WALLS ARE WASTEFUL, AND DO NOTHING TO PREVENT DISASTER.

REFLECTION ON WALLS

I lit a candle at the alter of the Church of Reconciliation in Berlin last summer, 2012.  We were there on holiday for gallery hopping.  I light a candle when I am overcome by a profound emotion which no word can adequately express .  The chapel was built with crushed stones from the millennium old original church building which was blown up in 1985 by the Communist East Germany, because it was located by the wall.  Many people died trying to climb over it seeking freedom.  The Wall came down in 1989 when Communism itself fell.

I could not help but think of a few other walls in history.  The Great Wall of China, Roman Walls that dot  England, the Sea Wall in Hakata in Kyushu, Japan built against Mongol invasion, the Wall in Israel and Palestine, and the Sea Wall outside of the Fukshima Dai-ichi Nuclear Power station against Tsunami.  Did they effectively stop the menace they meant to stop?  It is debatable.
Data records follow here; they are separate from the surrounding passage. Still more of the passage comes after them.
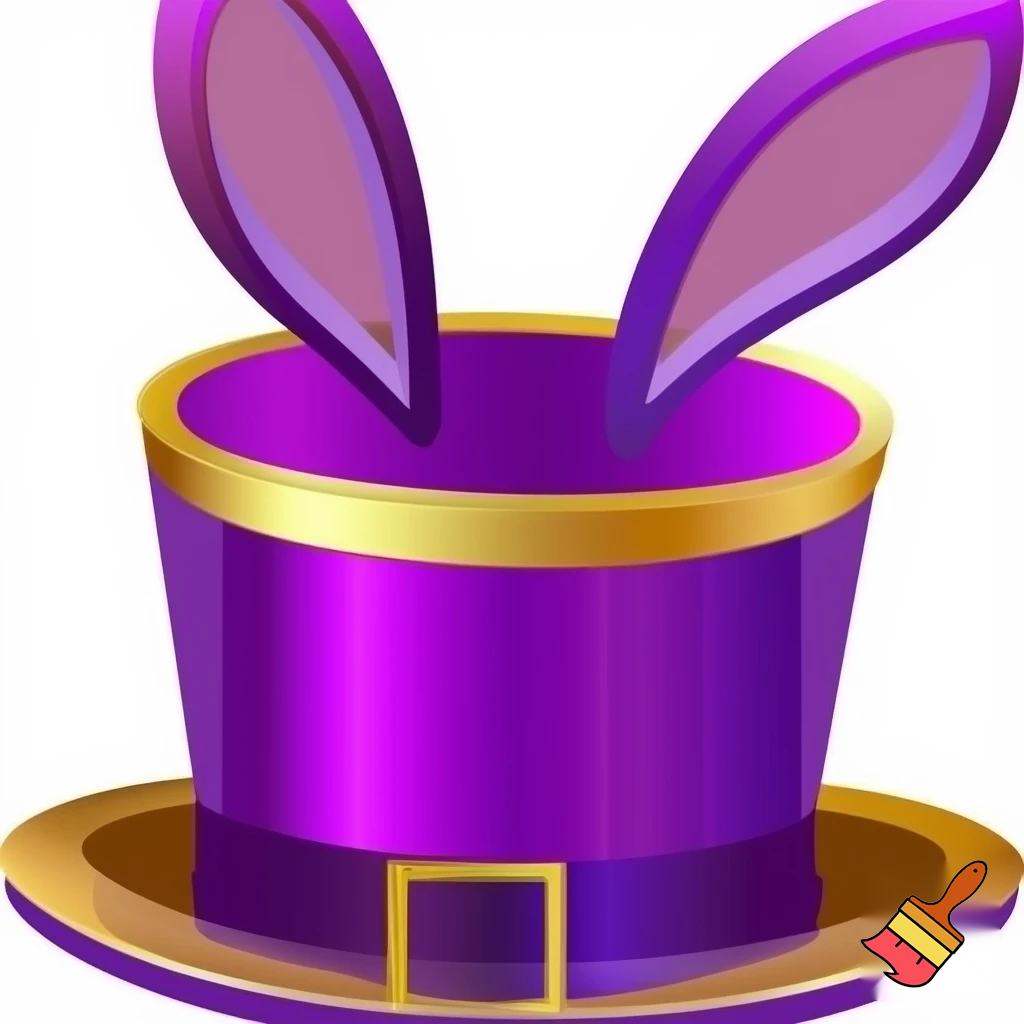 Easter bunny top hat purple and gold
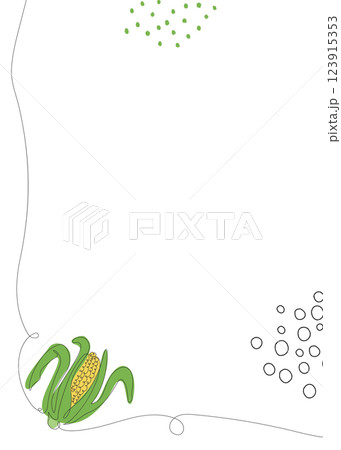 Corn continuous line background. One single line organic healthy food concept. Minimalism modern style graphics design 123915353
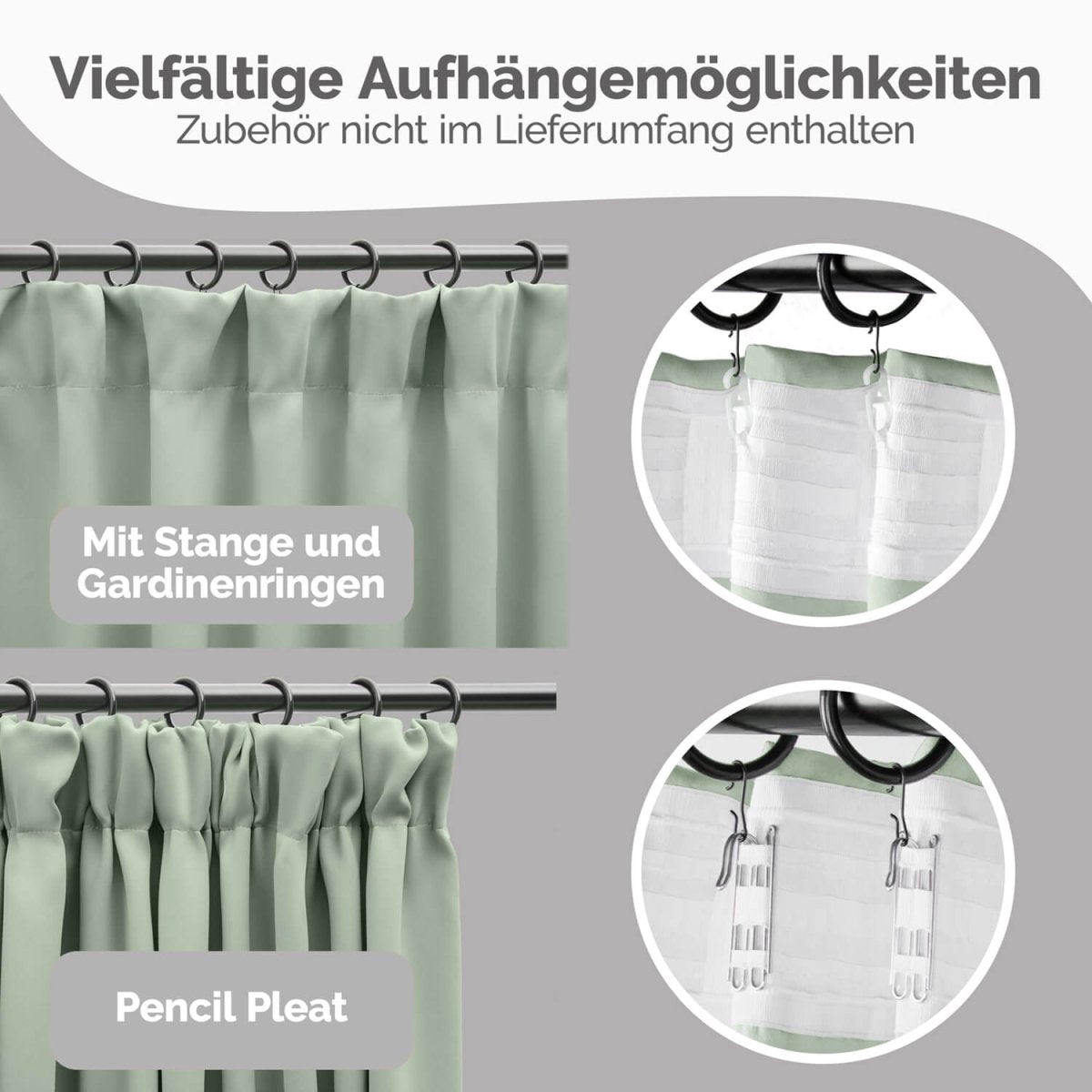 VERDUNKELUNGSVORHÄNGE mit Kräuselband -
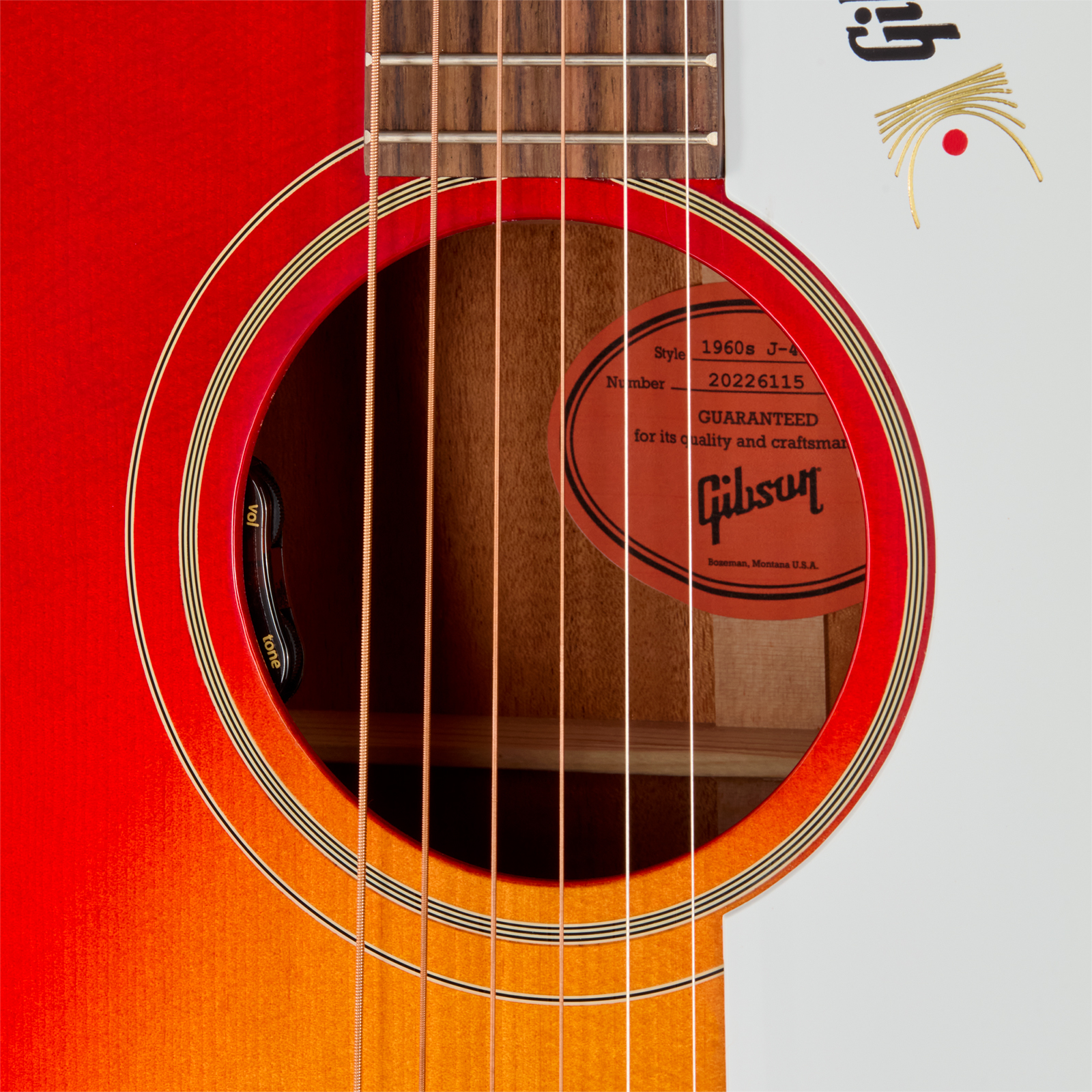Gibson J45 60s Original (baggs Hifi Dna) Dreadnought Epicea Acajou Rw - Vintage Cherry Sunburst - Folk gitaar - Variation 4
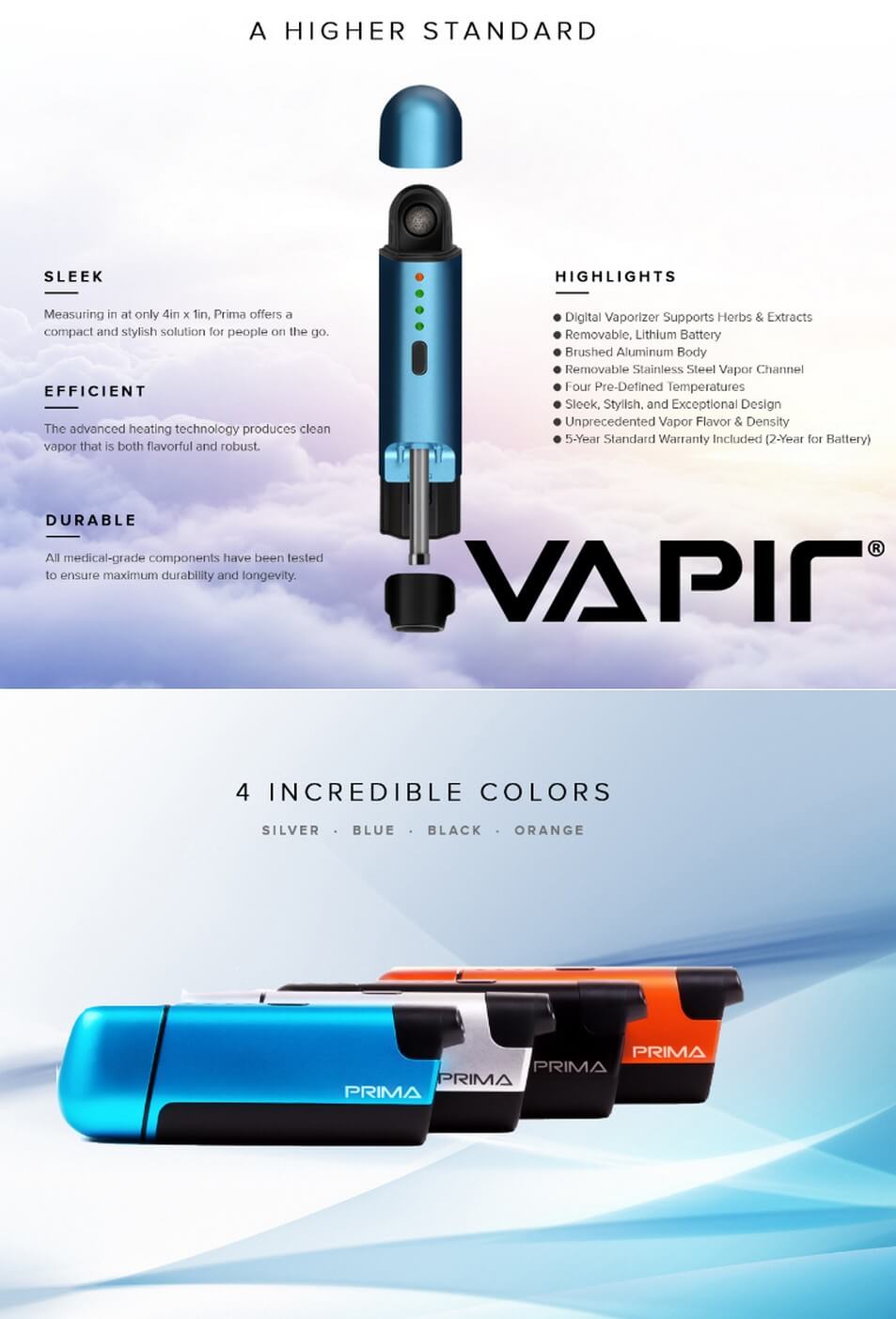 Vapir Prima Vaporizer Info-Graphics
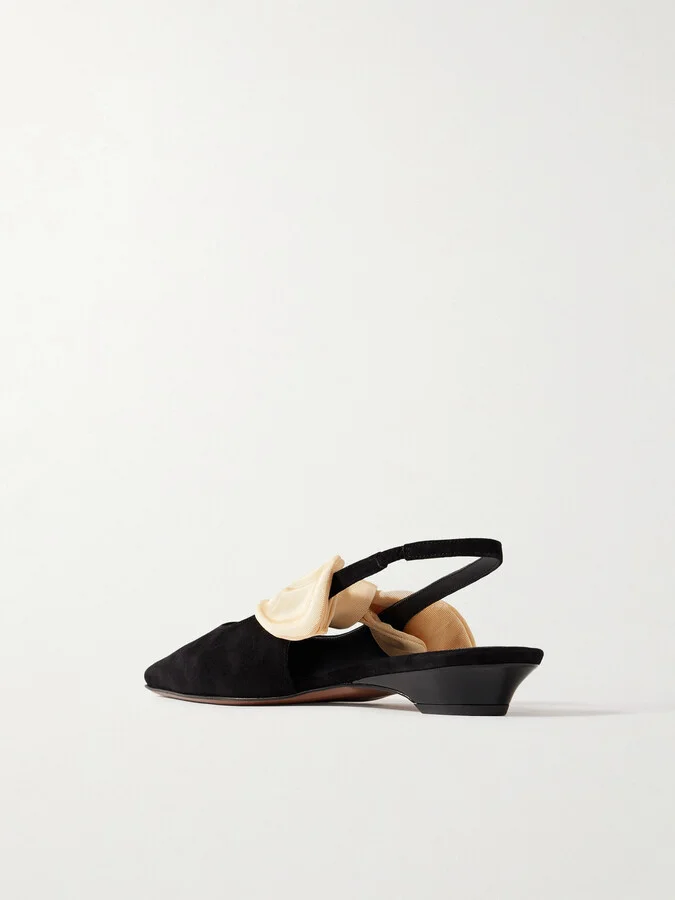 NEOUS - Uba Bow-embellished Faille And Suede Slingback Flats - Black - Image 3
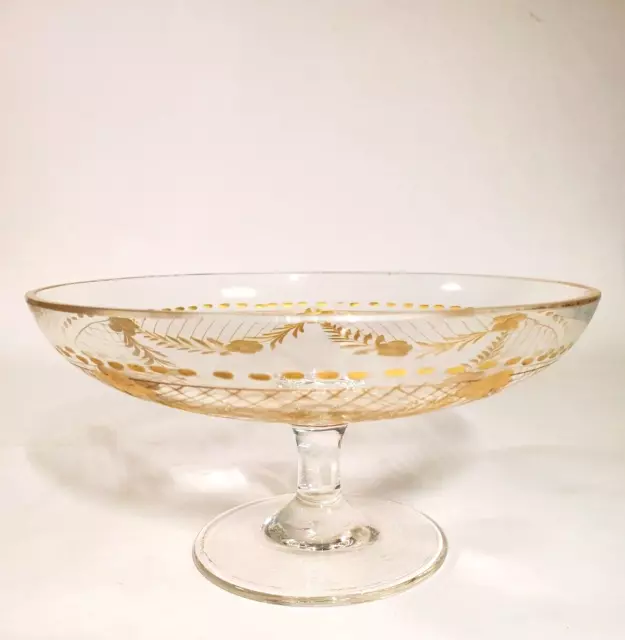 Bohemian Moser Type Intaglio Cut Gold Gilt Compote Elegant Swag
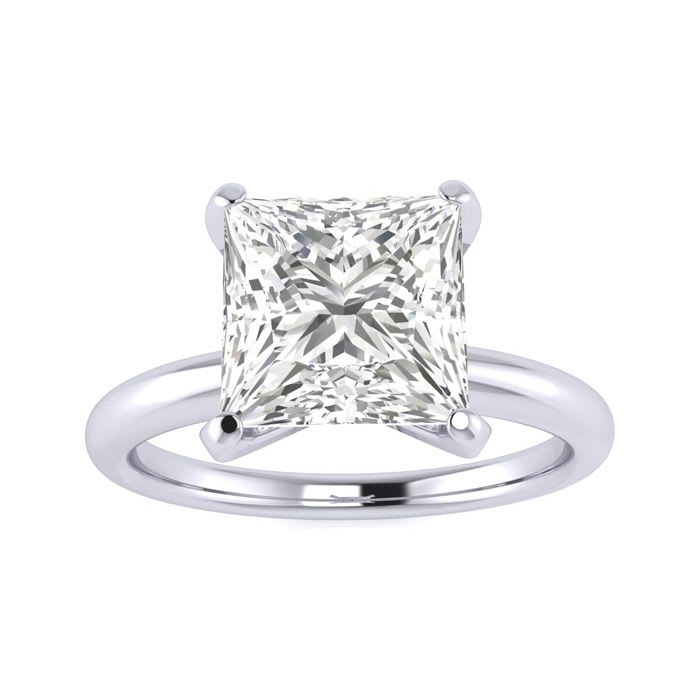 2 1/2 Carat Princess Cut Diamond Solitaire Engagement Ring In 14K White Gold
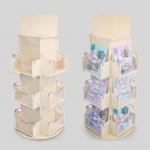 3 Tier Wooden Display Stands Rotating Countertop Display Stands For Coasters for sale
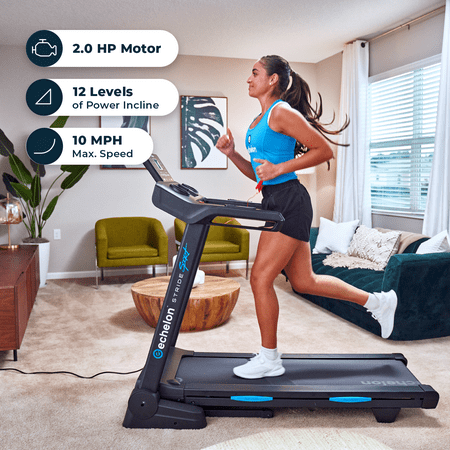 Echelon - Stride 30 Sport Smart Foldable Exercise Treadmill with Cushioned Deck - Black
Isn’t it.

The guide book says: The Great Wall of China never stopped Mongoianl invasion.  In stead, it acted as  an useful East-West highway.  I don’t know what role the Romans walls played in England, but the sea wall in Kyushu was never useful against Kubla Khan’s navy.  It was a powerful typhoon that sunk the Mongolian warships.  Not the wall that stopped the invasion.  The word Kamikaze was invented to describe the event: it means “Wind of God.”   The wall in Israel Palestine did not stop the Palestinian terrorists.  I lived there at the height of the suicide-bombing spell.  It did not stop the bombers.  They had other ways to go around it.  It was a change in the policy of the Palestinian authority that stopped it.  We know what happened to the sea wall of Fukushima Nuclear Power Station.  They thought 8 metre was high enough.  It wasn’t.  13 metres high Tsuami caused the unprecedented nuclear melt down.

Walls are expensive, but never effective.  Good neighborliness is the most effective deterrent against the menace from bad relationship.  In case of Fukushima, living in harmony with nature will deter such catastrophe.  Then why we keep on building them?